Sports fans are used to the thrilling, acrobatic play of softball megastar A.J. Andrews but the former LSU All-American is performing on a different field as the host of the centerpiece of ESPN’s Black History Month programming.
Unapologetic: The Black Female Athlete is a thought-provoking program highlighting the challenges, portrayal and achievements of black female athletes. Andrews interviews eight of her peers including former pro boxer Laila Ali as well as Olympic champions Michelle Carter, Simone Manuel and Allyson Felix.
Andrews, who now plays pro softball and was the first female Gold Glove recipient, spoke with Front Row:
Was this your first experience as a host/interviewer? What did you learn about how TV works?

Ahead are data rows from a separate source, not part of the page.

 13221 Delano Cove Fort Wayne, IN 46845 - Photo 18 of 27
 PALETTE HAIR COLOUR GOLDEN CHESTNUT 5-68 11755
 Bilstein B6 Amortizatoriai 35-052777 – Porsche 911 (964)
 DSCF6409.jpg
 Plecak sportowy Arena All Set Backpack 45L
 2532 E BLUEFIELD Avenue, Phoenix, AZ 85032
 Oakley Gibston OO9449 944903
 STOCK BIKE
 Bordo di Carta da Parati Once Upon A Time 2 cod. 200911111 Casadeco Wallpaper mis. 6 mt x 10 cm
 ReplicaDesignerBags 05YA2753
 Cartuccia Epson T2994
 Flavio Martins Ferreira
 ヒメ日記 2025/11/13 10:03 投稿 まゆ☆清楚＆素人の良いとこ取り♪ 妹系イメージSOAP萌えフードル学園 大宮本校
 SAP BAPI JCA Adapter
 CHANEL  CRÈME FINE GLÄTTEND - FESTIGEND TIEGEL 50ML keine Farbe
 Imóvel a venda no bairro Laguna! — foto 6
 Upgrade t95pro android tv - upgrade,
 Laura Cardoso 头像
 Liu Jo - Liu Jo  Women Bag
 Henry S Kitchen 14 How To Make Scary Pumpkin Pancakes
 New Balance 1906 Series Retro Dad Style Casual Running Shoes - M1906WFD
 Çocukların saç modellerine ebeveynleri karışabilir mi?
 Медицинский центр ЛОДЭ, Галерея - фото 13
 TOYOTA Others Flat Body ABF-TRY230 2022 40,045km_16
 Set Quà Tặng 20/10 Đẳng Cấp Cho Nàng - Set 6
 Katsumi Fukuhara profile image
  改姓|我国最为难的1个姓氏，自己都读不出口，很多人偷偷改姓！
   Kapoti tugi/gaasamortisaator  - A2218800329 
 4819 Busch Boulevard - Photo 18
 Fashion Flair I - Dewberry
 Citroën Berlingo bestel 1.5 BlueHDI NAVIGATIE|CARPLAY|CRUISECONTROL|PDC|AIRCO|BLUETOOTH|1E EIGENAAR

Yes and no. I am receiving my Masters in Mass Communication at LSU and have experience hosting and interviewing for our college TV program, but yes, this would be my first professional experience . . . On the production side, I learned how it truly takes so many people behind the scenes to create something amazing. To have a lighting person, sound person that are all equally important as the camera man or the host was really cool to see. Each is a piece of the puzzle in production.
You spent time with some accomplished athletes – was there one you’d never met who really made an impression on you?
Hearing the stories of all these amazing women was extraordinary. I especially loved [ballerina] Misty Copeland’s story and the passion in her voice as she described what truly drives her to overcome the adversities in her life.
What do you hope viewers will take away from the show?
Perspective. I hope viewers will truly gain a greater understanding of the added pressures loaded on black female athletes and the unique circumstances that women of color have to overcome in order to be successful, on top of performing in our respective sports.